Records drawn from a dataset

Content starts

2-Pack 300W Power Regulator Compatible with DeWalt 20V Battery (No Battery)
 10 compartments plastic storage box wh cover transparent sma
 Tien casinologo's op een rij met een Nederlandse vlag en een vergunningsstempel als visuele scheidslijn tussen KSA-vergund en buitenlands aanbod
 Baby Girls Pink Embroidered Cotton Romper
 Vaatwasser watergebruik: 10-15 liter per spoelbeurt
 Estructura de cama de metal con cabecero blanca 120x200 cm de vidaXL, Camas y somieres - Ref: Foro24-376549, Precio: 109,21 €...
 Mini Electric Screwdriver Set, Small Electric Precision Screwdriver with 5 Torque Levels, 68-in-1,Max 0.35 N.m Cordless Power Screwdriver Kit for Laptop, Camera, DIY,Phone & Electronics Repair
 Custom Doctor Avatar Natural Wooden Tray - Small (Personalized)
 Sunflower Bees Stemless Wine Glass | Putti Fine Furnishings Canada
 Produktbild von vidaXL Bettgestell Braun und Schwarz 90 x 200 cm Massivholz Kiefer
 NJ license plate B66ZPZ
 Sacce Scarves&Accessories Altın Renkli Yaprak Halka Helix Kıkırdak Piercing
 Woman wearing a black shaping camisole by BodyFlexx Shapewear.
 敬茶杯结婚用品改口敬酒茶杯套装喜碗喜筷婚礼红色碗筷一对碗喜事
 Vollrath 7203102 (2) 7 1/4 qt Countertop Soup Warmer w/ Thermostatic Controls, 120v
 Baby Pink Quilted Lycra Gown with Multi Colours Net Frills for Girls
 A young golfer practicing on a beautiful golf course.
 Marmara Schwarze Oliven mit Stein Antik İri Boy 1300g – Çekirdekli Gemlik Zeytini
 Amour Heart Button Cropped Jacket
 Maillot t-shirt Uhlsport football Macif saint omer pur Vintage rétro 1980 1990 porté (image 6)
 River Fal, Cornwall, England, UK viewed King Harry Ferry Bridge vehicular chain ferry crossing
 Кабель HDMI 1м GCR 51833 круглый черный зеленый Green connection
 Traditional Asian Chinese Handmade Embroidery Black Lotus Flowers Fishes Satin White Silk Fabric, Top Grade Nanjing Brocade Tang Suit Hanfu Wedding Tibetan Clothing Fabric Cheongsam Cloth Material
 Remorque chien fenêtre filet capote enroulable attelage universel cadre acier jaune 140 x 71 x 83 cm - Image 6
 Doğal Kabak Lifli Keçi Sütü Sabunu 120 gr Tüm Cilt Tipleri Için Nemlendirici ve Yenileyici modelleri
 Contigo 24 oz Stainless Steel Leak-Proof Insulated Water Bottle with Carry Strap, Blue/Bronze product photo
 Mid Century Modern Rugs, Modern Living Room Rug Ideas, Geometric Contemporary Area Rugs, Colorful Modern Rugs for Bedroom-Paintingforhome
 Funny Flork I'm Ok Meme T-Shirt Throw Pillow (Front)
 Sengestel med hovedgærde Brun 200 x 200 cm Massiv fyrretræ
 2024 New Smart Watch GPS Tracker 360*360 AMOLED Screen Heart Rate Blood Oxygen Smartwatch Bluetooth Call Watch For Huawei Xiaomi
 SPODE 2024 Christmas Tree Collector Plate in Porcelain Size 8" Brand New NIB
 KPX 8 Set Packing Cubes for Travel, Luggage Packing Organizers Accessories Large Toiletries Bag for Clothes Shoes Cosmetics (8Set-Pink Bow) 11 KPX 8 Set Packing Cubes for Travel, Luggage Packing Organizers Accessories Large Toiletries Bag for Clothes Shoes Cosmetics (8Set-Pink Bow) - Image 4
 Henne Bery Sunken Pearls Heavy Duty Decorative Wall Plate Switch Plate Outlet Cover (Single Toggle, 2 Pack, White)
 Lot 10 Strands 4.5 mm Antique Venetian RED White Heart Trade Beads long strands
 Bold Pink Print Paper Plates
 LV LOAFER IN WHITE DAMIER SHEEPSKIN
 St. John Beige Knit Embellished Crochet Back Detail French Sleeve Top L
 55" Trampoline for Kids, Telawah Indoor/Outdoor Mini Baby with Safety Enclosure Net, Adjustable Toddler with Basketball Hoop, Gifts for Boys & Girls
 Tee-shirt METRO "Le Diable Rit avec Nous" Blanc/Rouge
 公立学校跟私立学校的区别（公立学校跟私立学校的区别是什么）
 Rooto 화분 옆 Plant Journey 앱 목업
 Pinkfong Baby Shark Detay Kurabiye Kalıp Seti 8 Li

Content ends

Exercise
Your answer must be the lines from the first line of the entries above through the line that contains "Vollrath 7203102 (2)", written out exactly.

Response to this task
2-Pack 300W Power Regulator Compatible with DeWalt 20V Battery (No Battery)
 10 compartments plastic storage box wh cover transparent sma
 Tien casinologo's op een rij met een Nederlandse vlag en een vergunningsstempel als visuele scheidslijn tussen KSA-vergund en buitenlands aanbod
 Baby Girls Pink Embroidered Cotton Romper
 Vaatwasser watergebruik: 10-15 liter per spoelbeurt
 Estructura de cama de metal con cabecero blanca 120x200 cm de vidaXL, Camas y somieres - Ref: Foro24-376549, Precio: 109,21 €...
 Mini Electric Screwdriver Set, Small Electric Precision Screwdriver with 5 Torque Levels, 68-in-1,Max 0.35 N.m Cordless Power Screwdriver Kit for Laptop, Camera, DIY,Phone & Electronics Repair
 Custom Doctor Avatar Natural Wooden Tray - Small (Personalized)
 Sunflower Bees Stemless Wine Glass | Putti Fine Furnishings Canada
 Produktbild von vidaXL Bettgestell Braun und Schwarz 90 x 200 cm Massivholz Kiefer
 NJ license plate B66ZPZ
 Sacce Scarves&Accessories Altın Renkli Yaprak Halka Helix Kıkırdak Piercing
 Woman wearing a black shaping camisole by BodyFlexx Shapewear.
 敬茶杯结婚用品改口敬酒茶杯套装喜碗喜筷婚礼红色碗筷一对碗喜事
 Vollrath 7203102 (2) 7 1/4 qt Countertop Soup Warmer w/ Thermostatic Controls, 120v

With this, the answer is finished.